Men often say that having a wife that respects them is one of the things they need in order to be the best husband they can be. If we address conflict in a negative way we will almost certainly end up disrespecting our husbands in the process.
Steps to Effective Communication:
Pray – Sometimes we just need to step back from the situation and ask God to lead us in how we should approach a certain situation that is bothering us.
Approach Respectfully – Even though you may be angry with your husband, still try and make an effort to approach your husband with love and respect. If you read 1 Cor. 13:4-7 we need to be patient with our husbands – patience and respect equals love.
Follow the steps to conflict resolution:
- Let each party express how they feel about the situation. My counselor even recommended using a timer for both individuals. Work to express your feelings without using “YOU” messages. For example instead of saying “I hate it when you treat me that way.” say “When you say this I feel this way.” Own your feelings.
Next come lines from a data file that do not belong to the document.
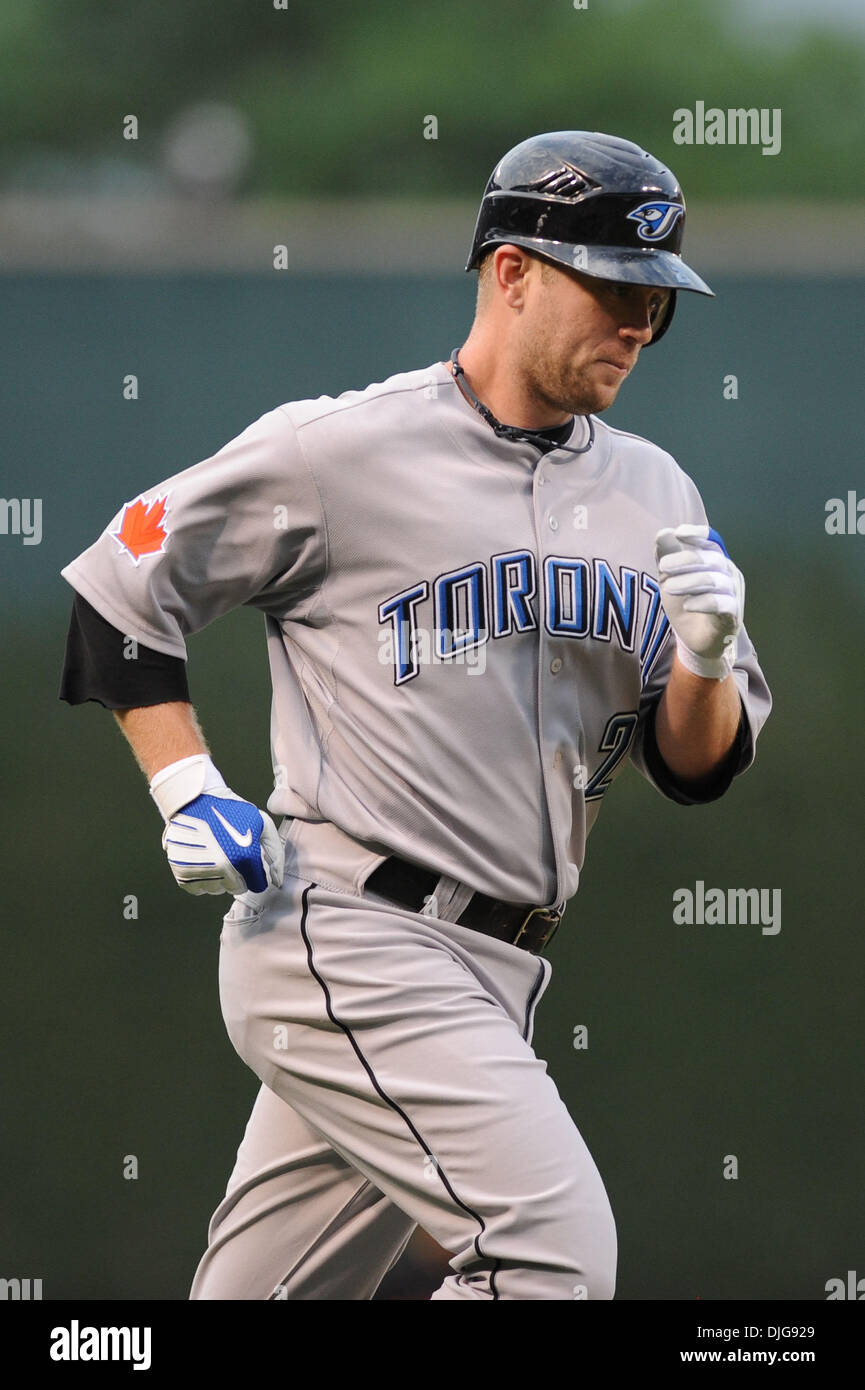 16 juillet 2010 - Baltimore, Maryland, États-Unis d'Amérique - 16 juillet 2010 : le deuxième but des Blue Jays de Toronto Aaron Hill (2) court vers la maison après avoir frappé un coup de circuit contre les Orioles d'amener le score à 2-0 dans un jeu de la série à l'Oriole Park at Camden Yards de Baltimore, MD...crédit obligatoire : Russell Tracy / Southcreek Global. (Crédit Image : © Global/ZUMApres Southcreek Banque D'Images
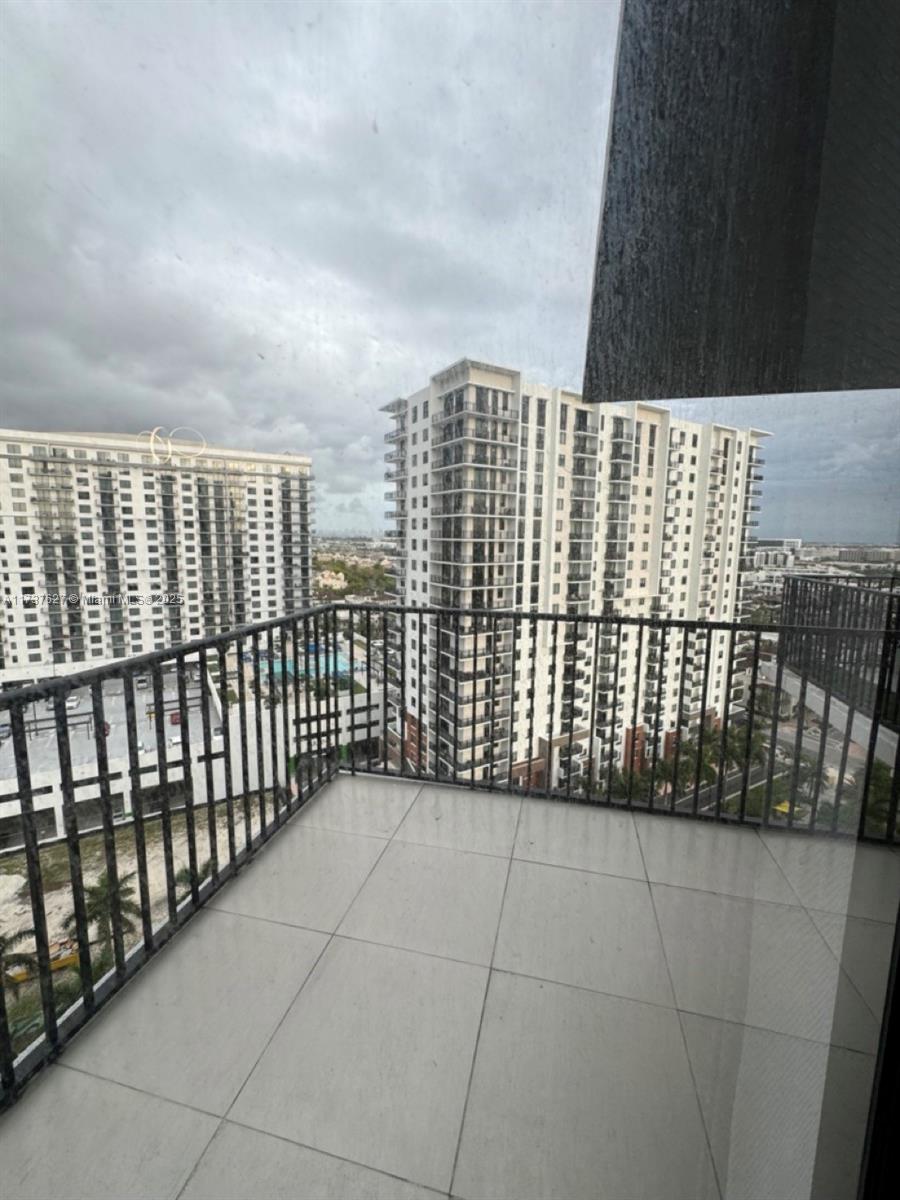 5252 PASEO CONDO - Residential Lease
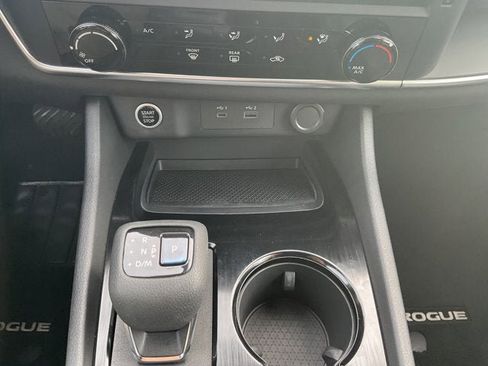 Used 2022 Nissan Rogue S image 19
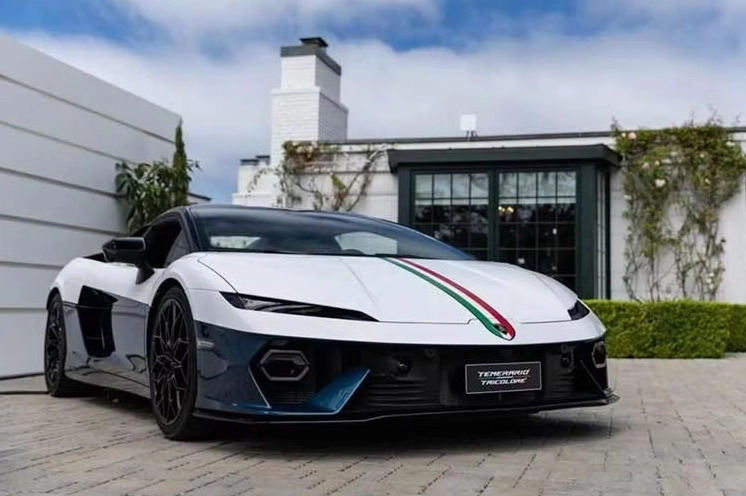 Chi tiết kính chắn gió và cửa xe Lamborghini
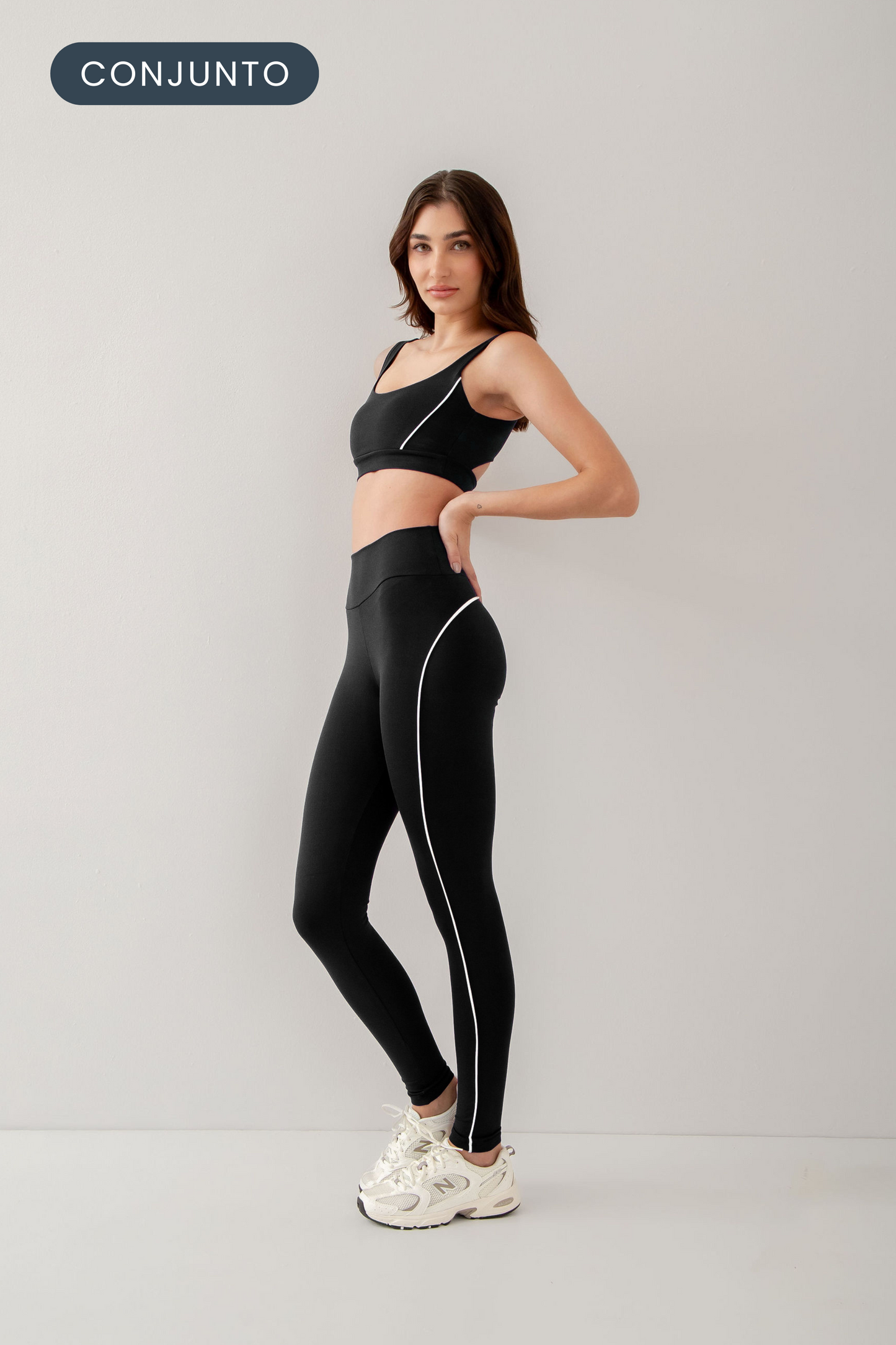 Conjunto Legging Contour + Top Wave P&B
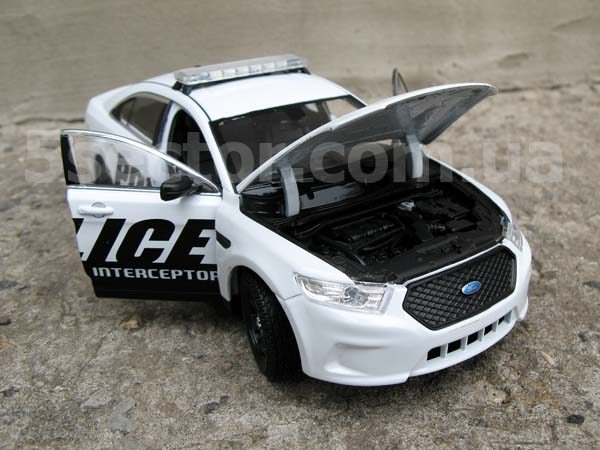 Ford Police Interceptor Коллекционная модель 1:24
- Next each person needs to express what they will do to help resolve the issue. This isn’t time to try and change the other person. One step towards progress is acceptable and both parties should strive to work towards keeping their promise on what they plan to do to help resolve the conflict.
- Come up with a plan of action. Think of actions, or words you can say to help fulfill your promise on what you are going to do to resolve the conflict. The resolution should be win – win for each person.
We can’t expect to go through our marriage without having to face conflict. God made us different, both with faults and strengths, however made to help each other grow spiritually. Learning effective communication skills will certainly help your marriage grow.